Yahoo is a leading technology company known for its consumer inbox service, Yahoo Mail. The Senior Data Engineer will play a crucial role in defining data ontology, building data pipelines, and collaborating with cross-functional teams to enhance data operations and analytics capabilities.
Responsibilities:
- Partner with Data Science, Product, and Engineering to collect requirements to define the data ontology for Mail Data & Analytics
- Lead and mentor junior Data Engineers to support Yahoo Mail’s ever-evolving data needs
- Design, build, and maintain efficient and reliable batch data pipelines to populate core data sets
- Develop scalable frameworks and tooling to automate analytics workflows and streamline users interactions with data products
- Establish and promote standard methodologies for data operations and lifecycle management
- Develop new or improve and maintain existing large-scale data infrastructures and systems for data processing or serving, optimizing complex code through advanced algorithmic concepts and in-depth understanding of underlying data system stacks
- Create and contribute to frameworks that improve the efficacy of the management and deployment of data platforms and systems, while working with data infrastructure to triage and resolve issues
- Prototype new metrics or data systems
- Define and manage Service Level Agreements for all data sets in allocated areas of ownership
- Develop complex queries, very large volume data pipelines, and analytics applications to solve analytics and data engineering problems
- Collaborate with engineers, data scientists, and product managers to understand business problems, technical requirements to deliver data solutions
- Engineering consulting on large and complex data lakehouse data
Requirements:
- BS in Computer Science/Engineering, relevant technical field, or equivalent practical experience, with specialization in Data Engineering
- 6+ years of experience building scalable ETL pipelines on industry standard ETL orchestration tools (Airflow, Composer, Oozie) with deep expertise in SQL, PySpark, or scala
- Built, scaled, and maintained Multi-Terabyte data sets and having an expansive toolbox for debugging and unblocking large scale analytics challenges (skew mitigation, sampling strategies, accumulation patterns, data sketches, etc.)
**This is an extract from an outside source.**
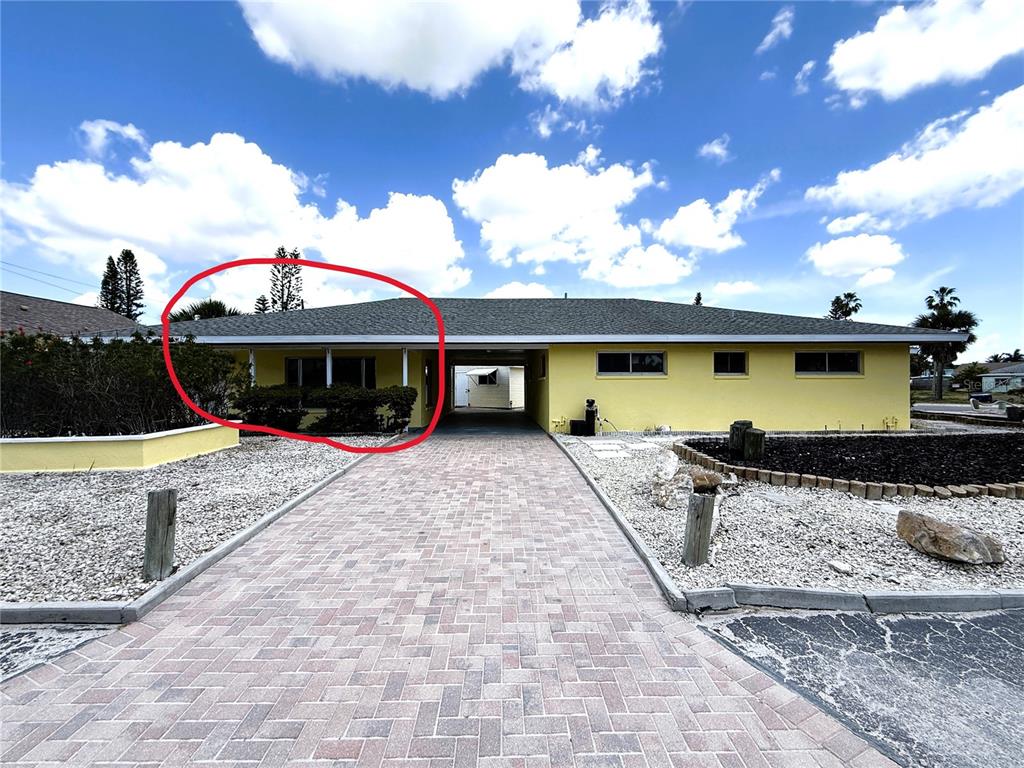 The exterior of a yellow house features a brick driveway and a covered carport — 14017 W PARSLEY DRIVE, MADEIRA BEACH, FL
- Experience with at least one major cloud's suite of offerings (AWS, GCP, Azure)
- Developed or enhanced ETL orchestrations tools or framework
- Worked within standard GitOps workflow (branch and merge, PRs, CI / CD systems)
- Experience working with GDPR
- Highly self-motivated with a strong sense of ownership
- Detail-oriented with a commitment to quality and accuracy
- Collaborative team player who contributes positively to group success
- Strong written and verbal communication skills
- Able to prioritize effectively, manage multiple tasks, and set clear expectations
- 3+ years experience in Google Cloud Platform technologies (BiqQuery, Dataproc, Dataflow, Composer, Looker)